Der Kanzler warnte vor einem "Wettbewerb mit den Populisten und Extremisten, die Sorgen der Bürgerinnen und Bürger für ihre Zwecke missbrauchen". Das Ergebnis der Europawahl habe gezeigt, "dass ganz offenbar angesichts all der vielen Krisen vielen die Zuversicht abhanden gekommen ist" sagte er. Daraus folge ein Auftrag an die Regierung: "Wir müssen dort, wo Zuversicht fehlt, sie neu begründen."
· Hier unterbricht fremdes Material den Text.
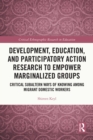Development, Education, and Participatory Action Research to Empower Marginalized Groups : Critical Subaltern Ways of Knowing among Migrant Domestic Workers - eBook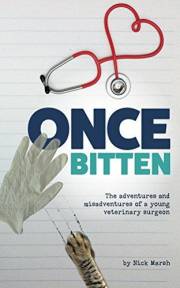Once Bitten: The adventures and misadventures of a young veterinary surgeon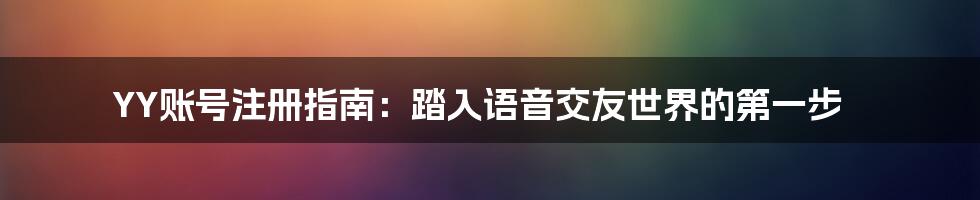 YY账号注册指南：踏入语音交友世界的第一步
Einsparungen im Sozialbereich lehnte Scholz ab, weil dies zu Lasten des gesellschaftlichen Zusammenhalts gehen würde: Es dürfe "keine Einschnitte geben bei der sozialen Gerechtigkeit, bei Gesundheit, Pflege oder Rente". Ziel der Regierung müsse es zudem sein, dass die Wirtschaft wieder schneller wachse.

Seine Koalition werde deshalb gemeinsam mit dem Haushaltsentwurf einen "Wachstumsturbo" mit auf den Weg bringen, sagte Scholz. Dazu gebe es "sehr kollegiale Gespräche in der Bundesregierung", fügte der Kanzler hinzu - und erntete dafür Gelächter von der Opposition.
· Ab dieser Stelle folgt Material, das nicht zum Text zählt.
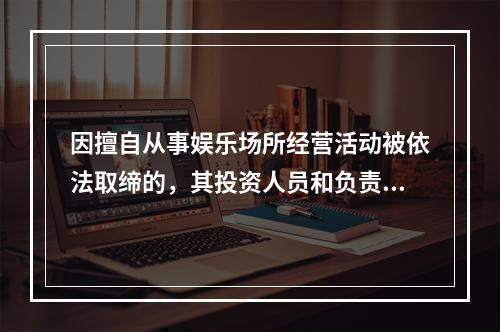 因擅自从事娱乐场所经营活动被依法取缔的，其投资人员和负责人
Unionsfraktionschef Friedrich Merz (CDU) attestierte der von Scholz geführten Regierung einen Verlust der Handlungsfähigkeit. "Sie haben für kein Ziel Ihrer Regierung mehr die Unterstützung auch nur eines Teils, geschweige denn der Mehrheit der Bevölkerung", sagte Merz an den Kanzler gerichtet. "Noch nie in der Geschichte unseres Landes hat eine Regierung so gegen die klaren Interessen der eigenen Bevölkerung regiert wie Sie." Der CDU-Chef machte die Koalition für das Erstarken der Parteien am rechten und linken Rand verantwortlich.
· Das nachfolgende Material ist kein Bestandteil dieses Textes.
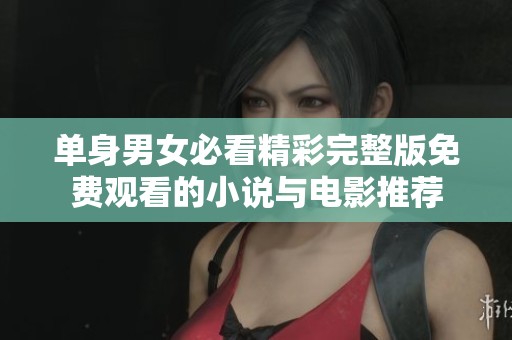 单身男女必看精彩完整版免费观看的小说与电影推荐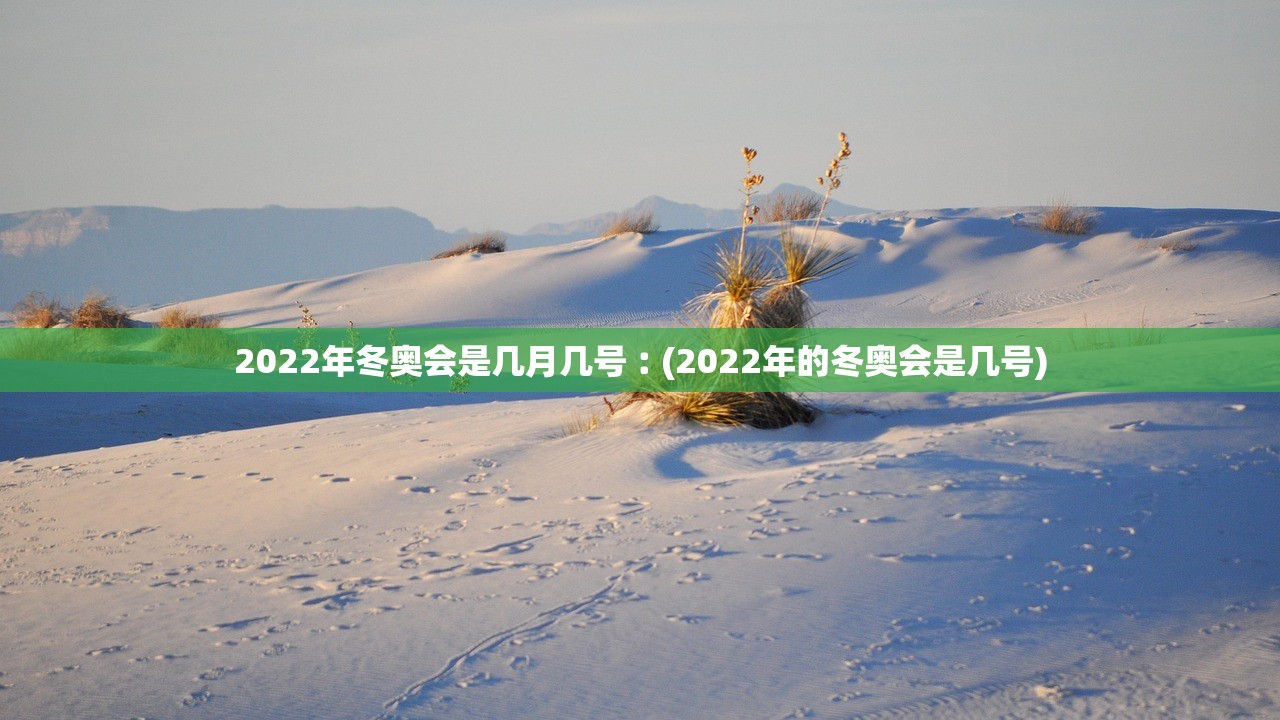 2022年冬奥会是几月几号︰(2022年的冬奥会是几号) 2022年冬奥会是几月几号︰(2022年的冬奥会是几号)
CSU-Landesgruppenchef Alexander Dobrindt warf der Koalition vor, keine Lehren aus ihrem schlechten Abschneiden bei der Europawahl gezogen zu haben. Dobrindt bilanzierte: "Migration tatenlos, Wachstumsschwäche tatenlos, Wohlstandsverlust tatenlos: Sie haben keinen Plan, Sie haben keine Idee für das Land, und manche bezweifeln, ob Sie überhaupt noch eine Koalition haben." Dobrindt kritisierte zudem, dass sich der Kanzler in seiner Rede nicht zu seiner Mitverantwortung für den Vertrauensverlust bekannt habe.

Grünen-Fraktionschefin Britta Haßelmann warf Merz vor, dass er "dieses Land nur schlecht redet". Dies  sei "fatal", kritisierte Haßelmann. Die Forderungen der Union nach einer schärferen Migrationspolitik bezeichnete sie als "billigen Populismus".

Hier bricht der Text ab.